Yet if she and Biden lose, Harris would have a lot of proving to do about her electoral appeal before she could even think about running for president again, as she briefly did in 2020. Enter California’s wide-open 2026 race for governor. What better venue for Harris to prove she has become a much more potent politician than she ever was before?

The race is already somewhat crowded, with the likes of Lt. Gov. Elena Kounalakis, former state Senate President Toni Atkins, former state Controller Betty Yee and current state Schools Superintendent Tony Thurmond now running. Other potential entrants include Attorney General Rob Bonta, former Attorney General and current federal Health and Human Services Secretary Xavier Becerra and, very likely, Riverside County Sheriff Chad Bianco, the lone significant Republican possibility at the moment.

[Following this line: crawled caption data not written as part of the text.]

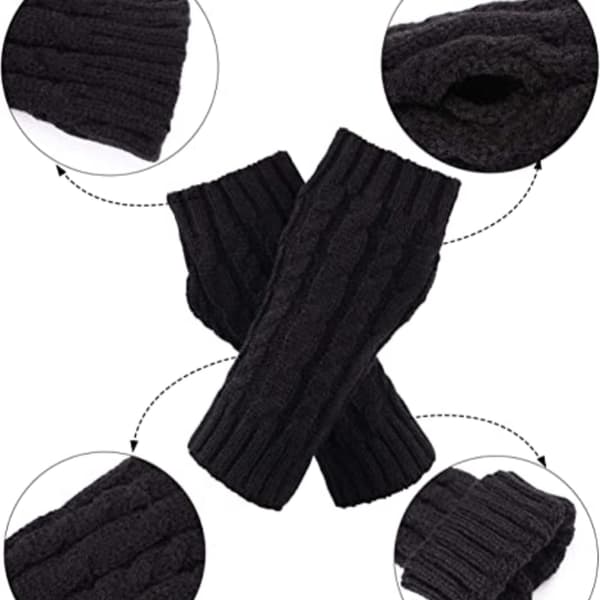 Håndledsvarmere / Fingerløse handsker 1 par Black S Black S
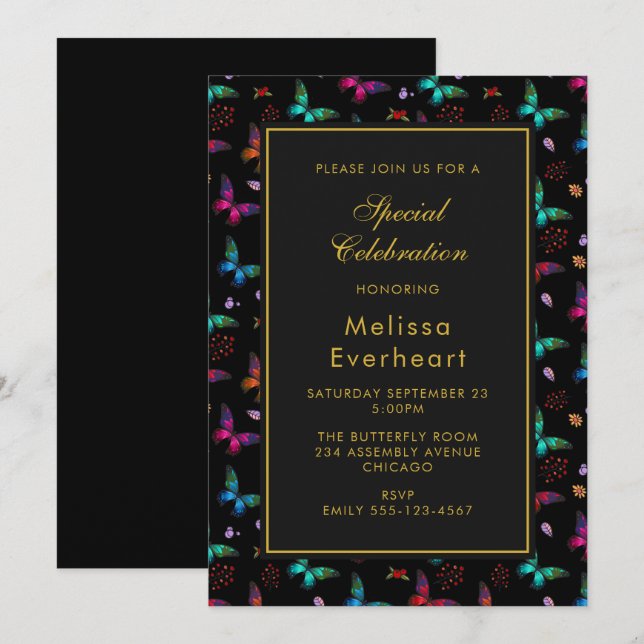 Elegantes Schmetterlingsmuster auf schwarz Einladung (Vorne/Hinten)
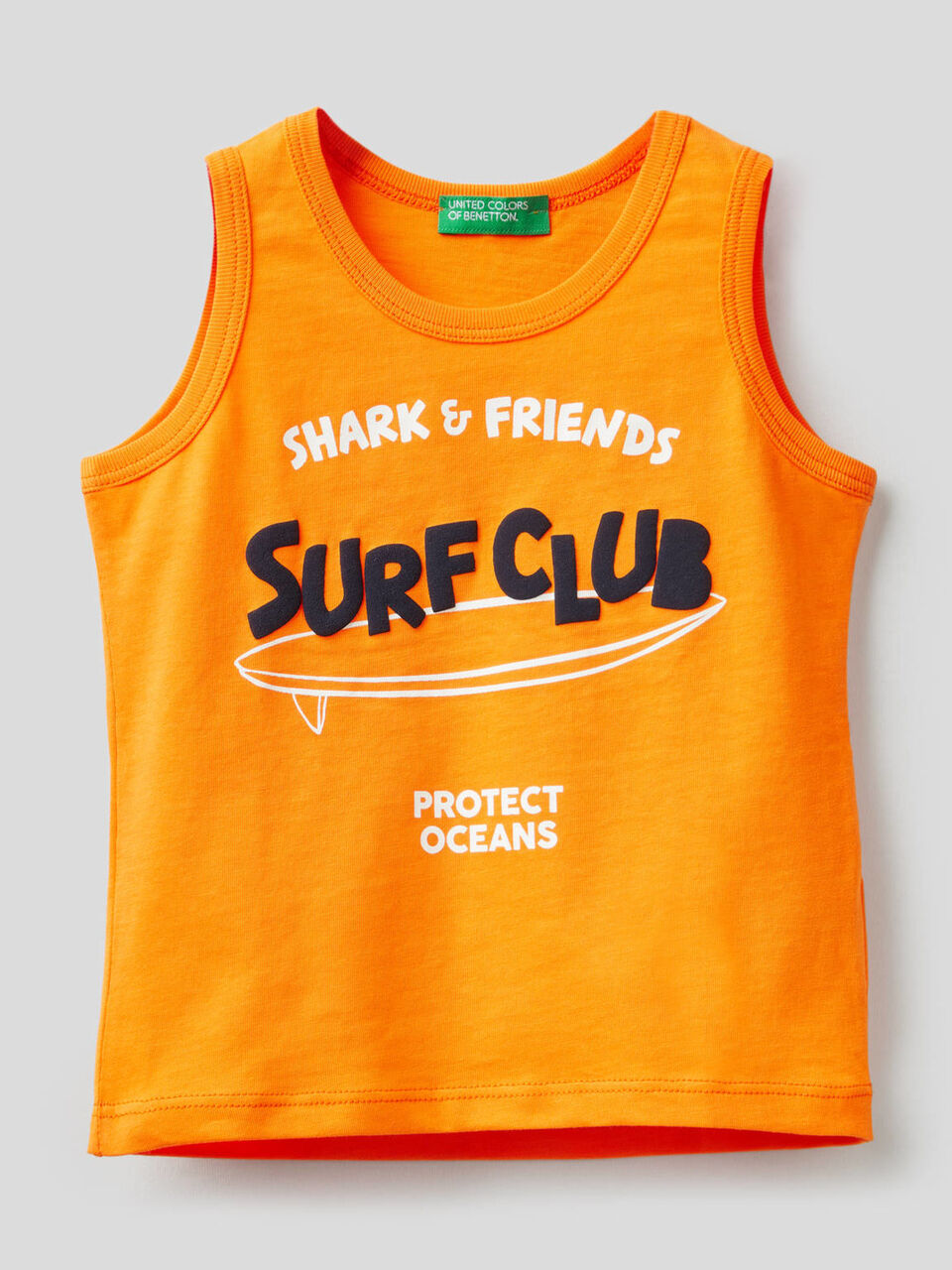 Tank top in pure cotton with print image number 1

Harris’s current prominence and greater name recognition would immediately propel her to the forefront of that field, which could be enough to get her into the runoff election two years from now under the state’s top-two “jungle primary” system. She would also have the services of the same campaign consultants who have helped current Gov. Gavin Newsom to win after win, gaining national prominence in the process.

Would Harris then be ripe for an upset, though? That’s where her previous nondescript polling record could become relevant. When she ran for San Francisco district attorney in 2003, she lost in the primary to unpopular incumbent Terence Hallinan but later beat him in a runoff. She then was unopposed for re-election in 2007.

When she ran for California attorney general in 2010, in the last state election before the advent of the top-two system, Harris easily won the Democratic primary, but Republican rival Steve Cooley, then the Los Angeles district attorney, almost upset her despite the Democrats’ huge voter registration advantage. She won by just 6,000 votes out of 9.6 million cast, the outcome not determined until more than three weeks after the last vote was cast.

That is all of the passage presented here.